If you have been following COP, or even just its controversies and failures over the years, you probably know of the commitment set in 2009 to mobilise $100bn per year towards the needs of developing countries, which has yet to be met (and expires into 2025).

This system will be replaced by the new collective quantified goal (Ncqg). The goal focuses on both the amount of – and the mobilisation and provision of – financial resources. It is closely linked to the key goal of climate finance in the COP process: making financial flows consistent with a pathway towards low greenhouse gas emissions and climate-resilient development.

One of the things to look out for is any change in global financial architecture, particularly its institutions like the IMF and the World Bank – specifically, if and how the public sector will provide catalytic capital to be able to draw in the private sector for emerging market investments.

An example of this is the Just Energy Transition Partnerships (JETPs) which are mobilising financing to support the deployment of renewable energies for countries like South Africa, Indonesia, Vietnam and now Senegal.

A global transformation of our economic systems to a low-carbon economy needs to ensure that the ‘just’ part has substance.
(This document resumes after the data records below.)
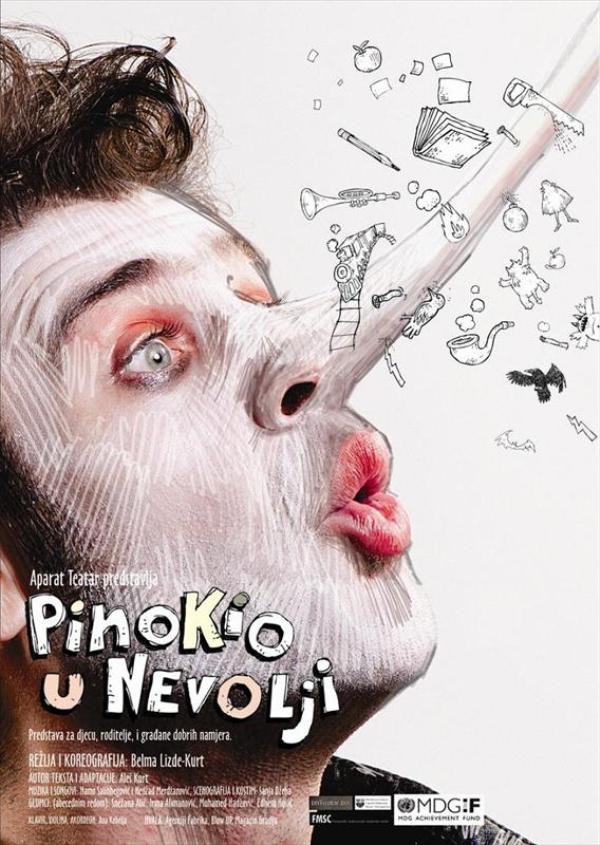 pinokio plakat pinokio plakat
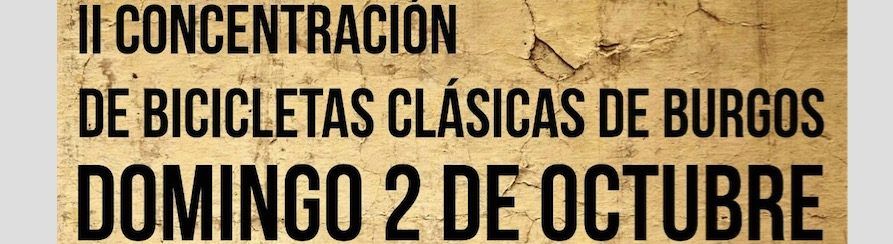 II Concentración bicis clásicas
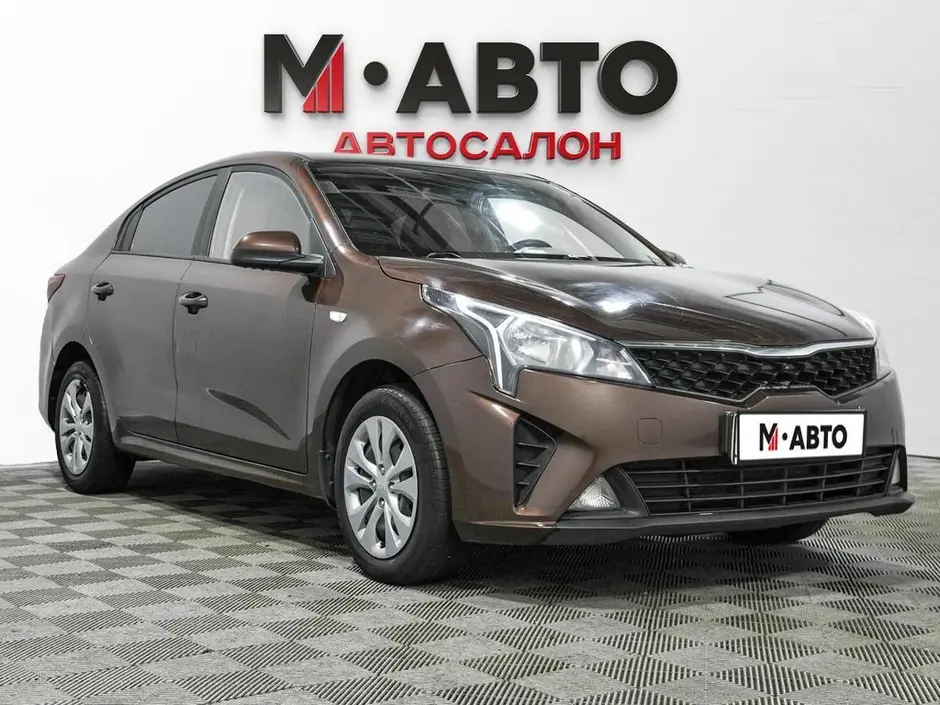 Kia Rio, 2021 г.
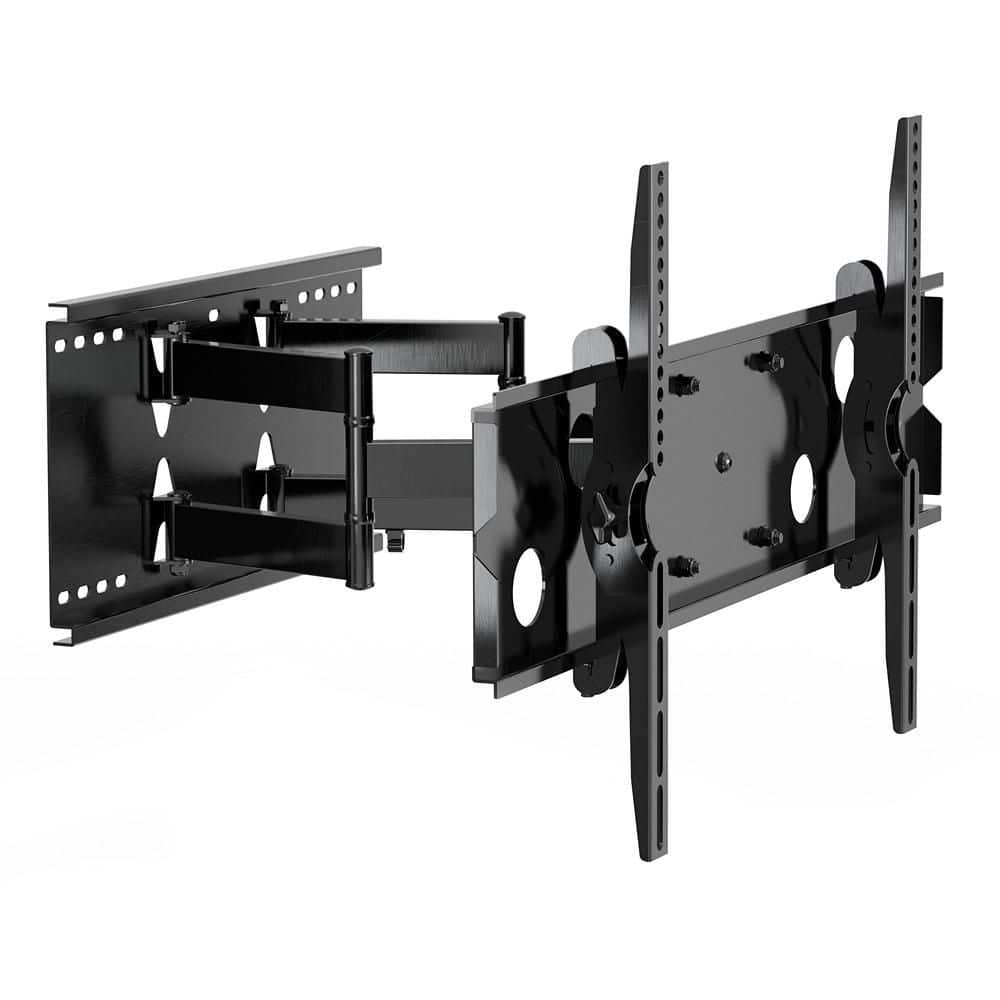 Retractable Swivel TV Wall Mount for 37 in. to 90 in. TVs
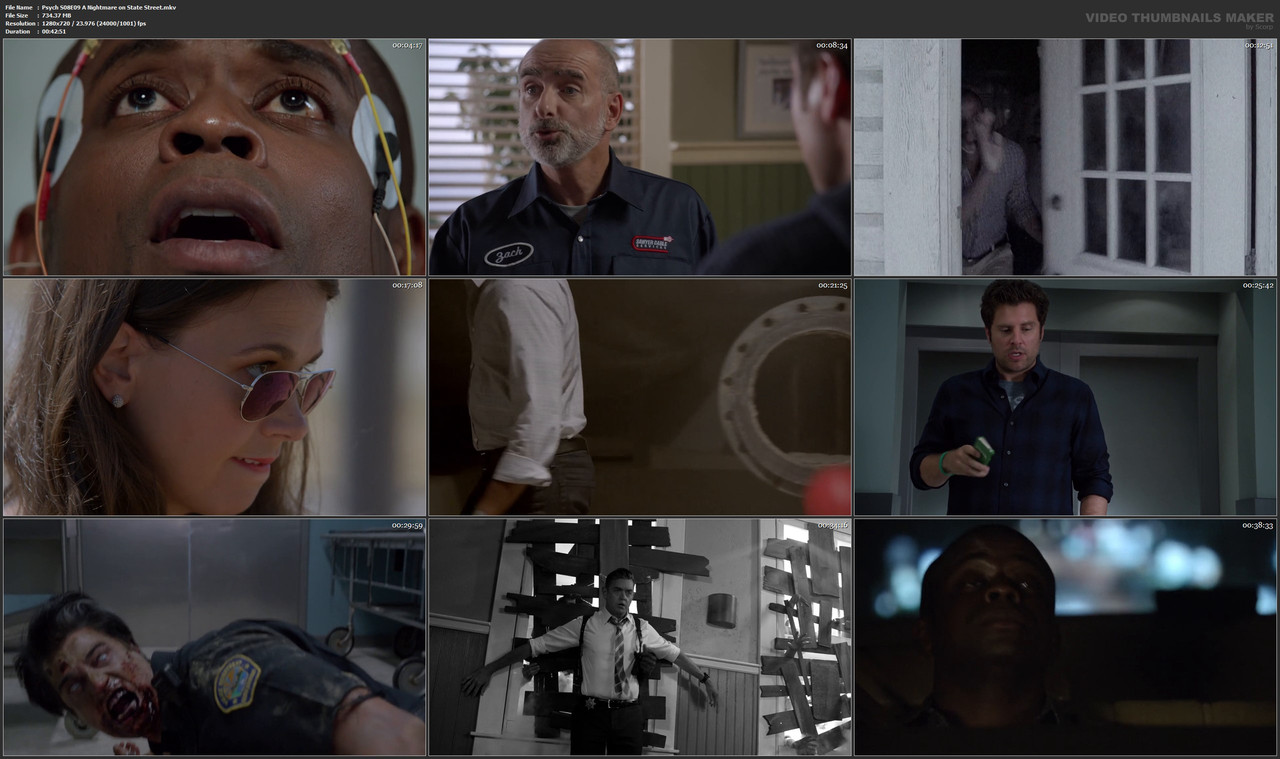 Psych S08E09 A Nightmare on State Street.mkv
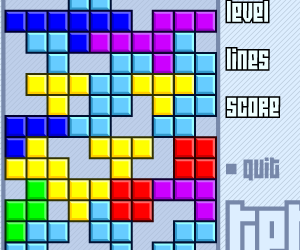 tetris online senza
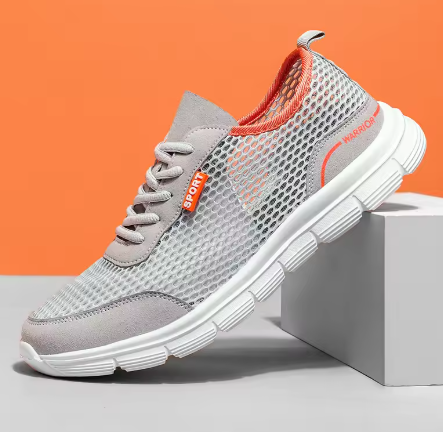 GS Knit Sneaker | Ademende alledaagse schoenen voor mannen en vrouwen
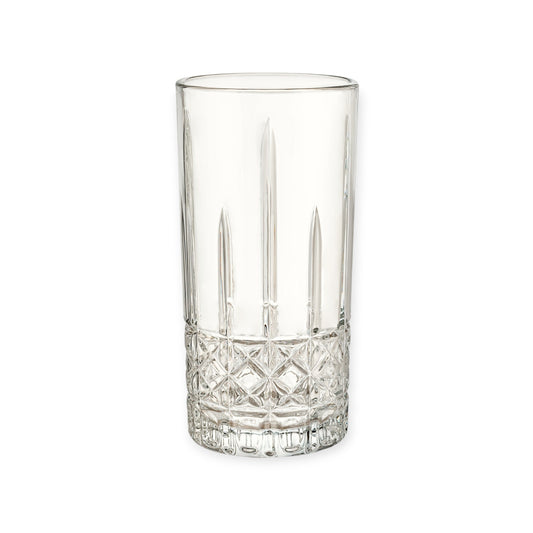 Juego 6 Vasos Jaiboleros Highball Grande De Vidrio 450 Ml Color Magno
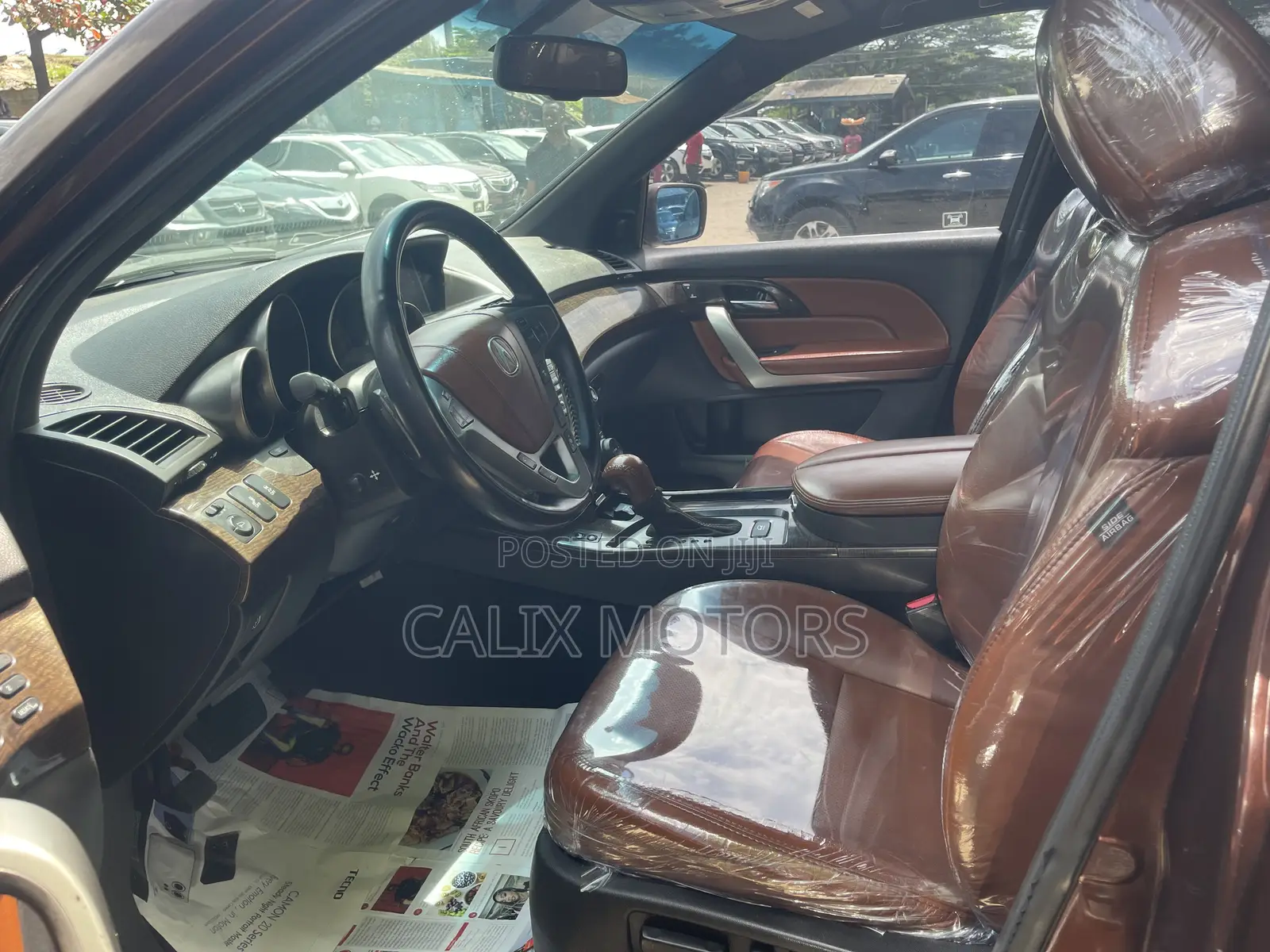 Acura MDX 2012 Brown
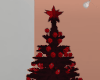 Red Christmas tree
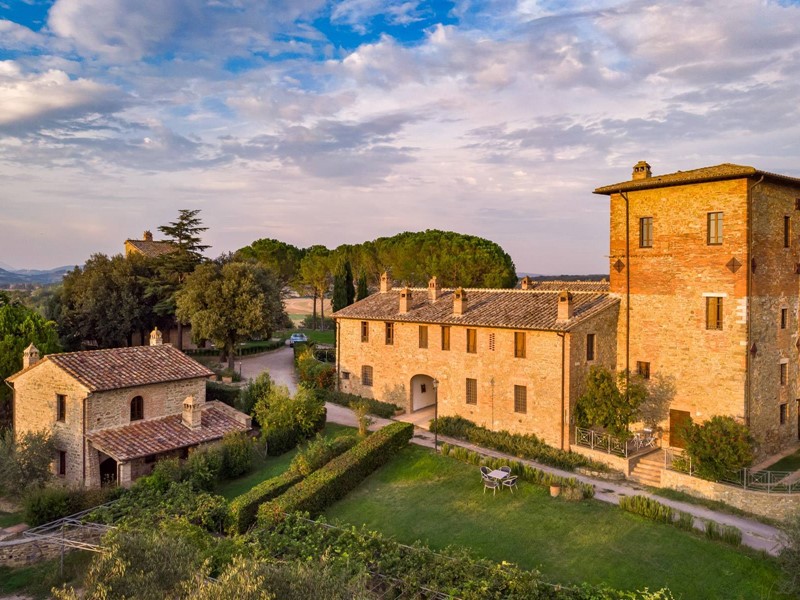 Appartamento in Vendita a Marsciano, 474'000&euro;, 115 m²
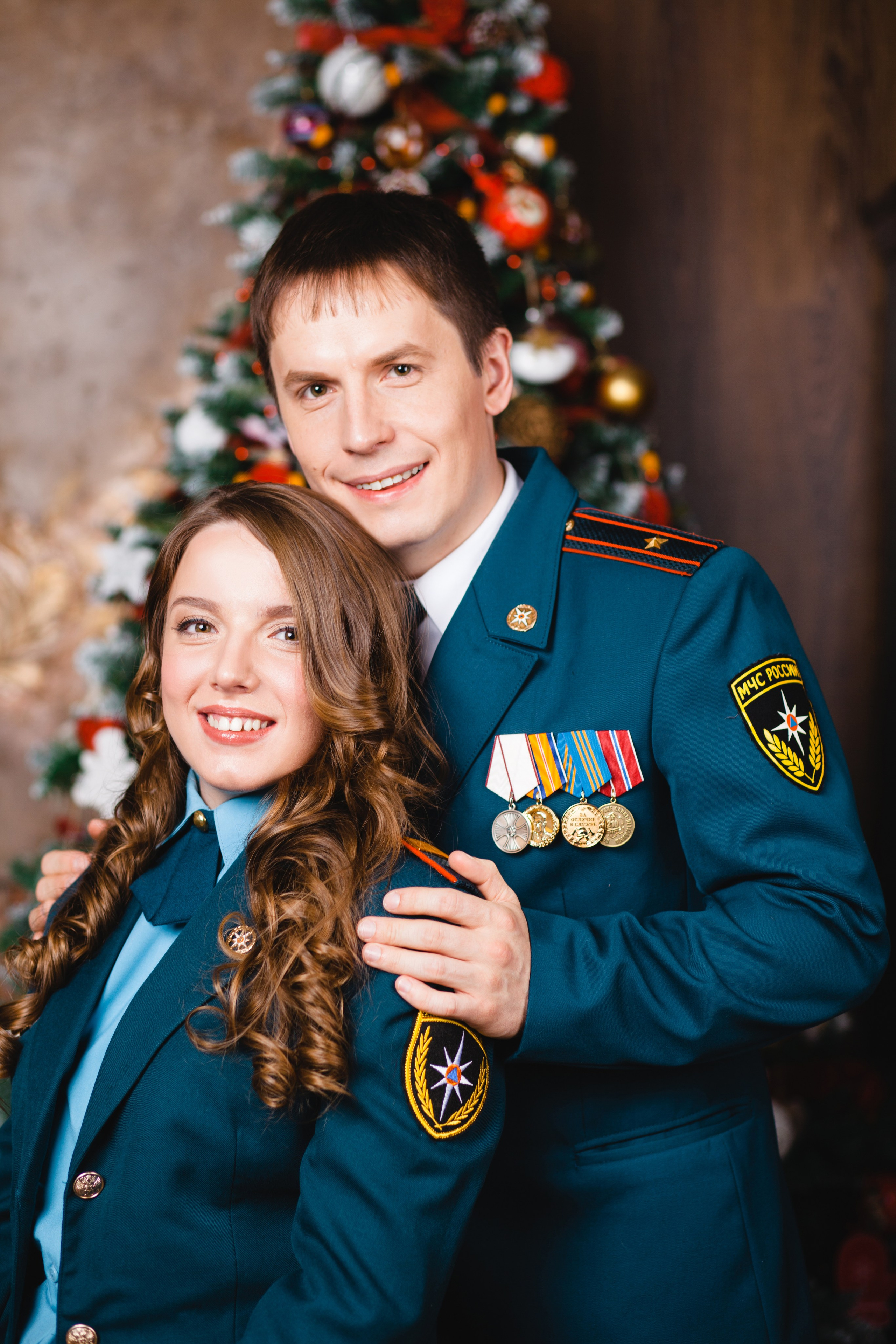 Новогодняя фотосессия Марии и Михаила. Портретный и репортажный фотограф в Санкт-Петербурге Андрей Воробьев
We will see if the Ncqgs can provide the right level of concessionality for these fiscally stretched countries and to help draw in private investment with appropriate financial risk mitigation.

3. Will governments get real on natural capital goals?

COP26 in Glasgow recognised, for the first time, the role of nature-based solutions, oceans and the cryosphere as playing a more meaningful part in global emissions reductions – finally putting all these heavily interdependent systems into the climate change box.

COP15 saw the adoption of the Kunming-Montreal Global Biodiversity Framework (GBF) by 196 countries in December 2022, guiding action in global efforts to halt and reverse biodiversity loss by 2030.

COP28 is the first climate COP since the GBF; research shows that at least 70% of the GBF targets are estimated to help governments deliver directly or indirectly on the Paris Agreement. Watch out for the extent to which nature is being embedded into the NDCs and, in a fantasy scenario, a formal mechanism to start to merge the two COP (climate and nature) processes.

Controversies abound, but I urge you to judge this year’s conference by its outcomes. The COP presidency has a lot riding on its shoulders – let us hope they are up to the task.